34 quotes about Retirement

Retirement may be looked upon either as a prolonged holiday or as a rejection, a being thrown on to the scrap-heap.

Beauvoir, Simone De

Retirement at sixty-five is ridiculous. When I was sixty-five I still had pimples.

Burns, George

To retire is to die.

Casals, Pablo

Lord Tyrawley and I have been dead these two years, but we don't choose to have it known.

Chesterfield, Lord

The worst of work nowadays is what happens to people when they cease to work.

Chesterton, Gilbert K.

I am a free man. I feel as light as a feather.

Cuellar, Javier Perez De

The question isn't at what age I want to retire, it's at what income.

Foreman, George

A person can stand almost anything except a succession of ordinary days.

Goethe, Johann Wolfgang Von

People may live as much retired from the world as they like, but sooner or later they find themselves debtor or creditor to some one.

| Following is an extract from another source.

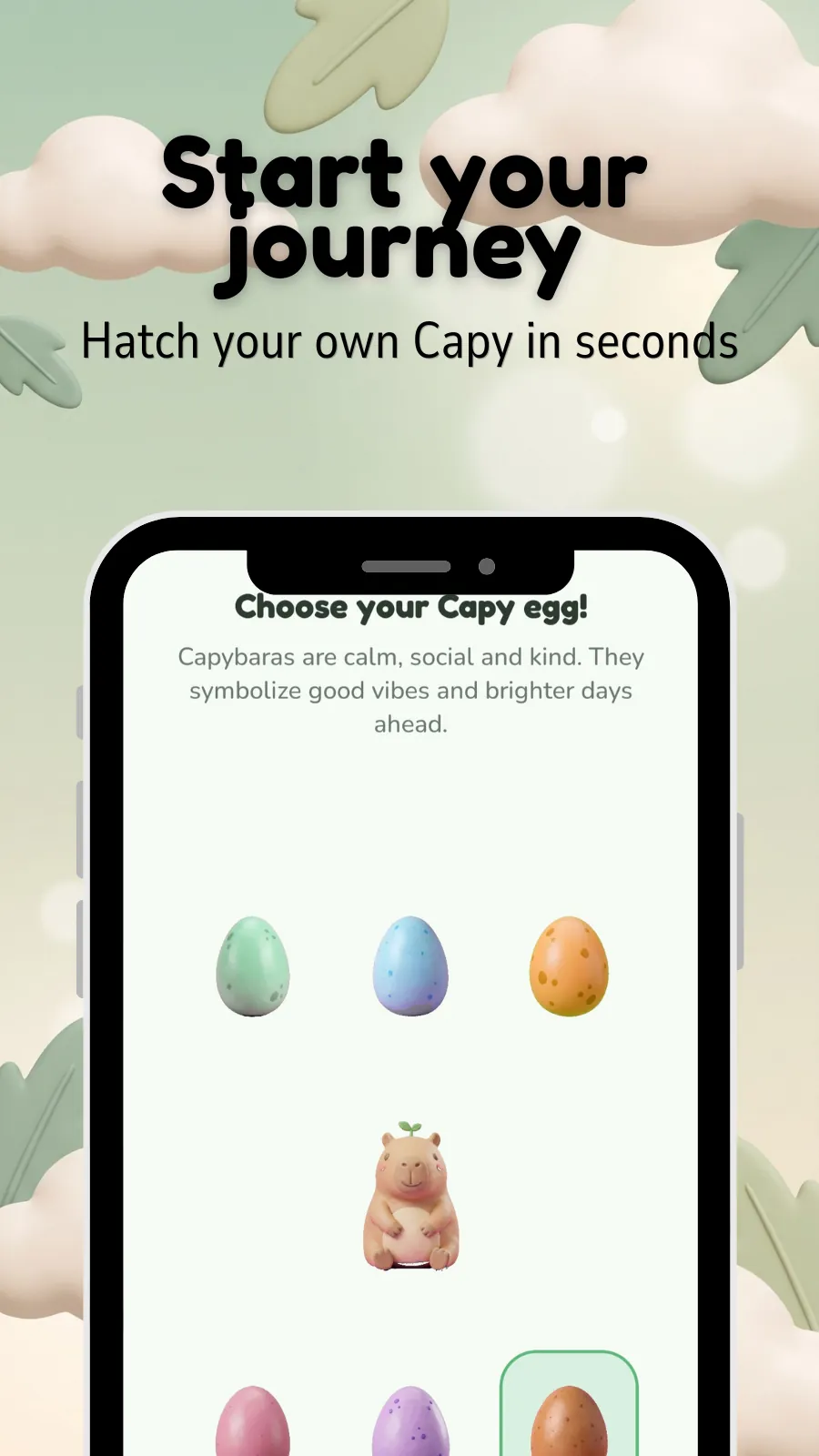 Choosing a Capy egg during onboarding, with a note that capybaras are calm, social and kind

Goethe, Johann Wolfgang Von

We had no revolutions to fear, nor fatigues to undergo; all our adventures were by the fireside, and all our migrations from the blue bed to the brown.

Goldsmith, Oliver

When some people retire, it's going to be mighty hard to be able to tell the difference.

Graham, Virginia

Retirement is the ugliest word in the language.

Hemingway, Ernest

Love prefers twilight to daylight.

Holmes, Oliver Wendell

Don't you stay at home of evenings? Don you love a cushioned seat in a corner, by the fireside, with your slippers on your feet?

Holmes, Oliver Wendell

When some fellers decide to retire nobody knows the difference.

Hubbard, Kin

Don't think of retiring from the world until the world will be sorry that you retire. I hate a fellow whom pride or cowardice or laziness drive into a corner, and who does nothing when he is there but sit and growl. Let him come out as I do, and bark.

Johnson, Samuel

Men and women approaching retirement age should be recycled for public service work, and their companies should foot the bill. We can no longer afford to scrap-pile people.

Kuhn, Maggie

Florida, is Gods waiting room.

Le Grice, Glenn

I have a lifetime appointment and I intend to serve it. I expect to die at 110, shot by a jealous husband.

Marshall, Thurgood

Sooner or later I'm going to die, but I'm not going to retire.

Mead, Margaret

A short retirement urges a sweet return.

Milton, John

Few men of action have been able to make a graceful exit at the appropriate time.

Muggeridge, Malcolm

Retirement: Statutory senility.

O'Donnell, Emmett

Eating's going to be a whole new ball game. I may even have to buy a new pair of trousers.

Piggott, Lester

Learn to live well, or fairly make your will; you played, and loved, and ate, and drunk your fill: walk sober off; before a sprightlier age comes tittering on, and shoves you from the stage: leave such to trifle with more grace and ease, whom Folly pleases, and whose Follies please.

Pope, Alexander

Fear no more the heat o the sun, nor the furious winter's rages. Thou thy worldly task hast done, home art gone and taken thy wages.

Shakespeare, William

Our life, exempt from public haunt, finds tongues in trees, books in the running brooks, sermons in stones, and good in everything.

Shakespeare, William

I feel nothing but the accursed happiness I have dreaded all my life long: the happiness that comes as life goes, the happiness of yielding and dreaming instead of resisting and doing, the sweetness of the fruit that is going rotten.

Shaw, George Bernard

When men reach their sixties and retire, they go to pieces. Women go right on cooking.

Sheehy, Gail

As to that leisure evening of life, I must say that I do not want it. I can conceive of no contentment of which toil is not to be the immediate parent.

Trollope, Anthony

The best time to start thinking about your retirement is before the boss does.

Unknown, Source

A man is known by the company that keeps him on after retirement age.

Unknown, Source

I advise you to go on living solely to enrage those who are paying your annuities. It is the only pleasure I have left.

Voltaire

I anticipate with pleasing expectations that retreat in which I promise myself to realize, without alloy, the sweet enjoyment of partaking, in the midst of my fellow citizens, the benign influence of good laws under a free government, the ever favorite object of my heart, and the happy reward, as I trust, of our mutual cares, labors, and dangers.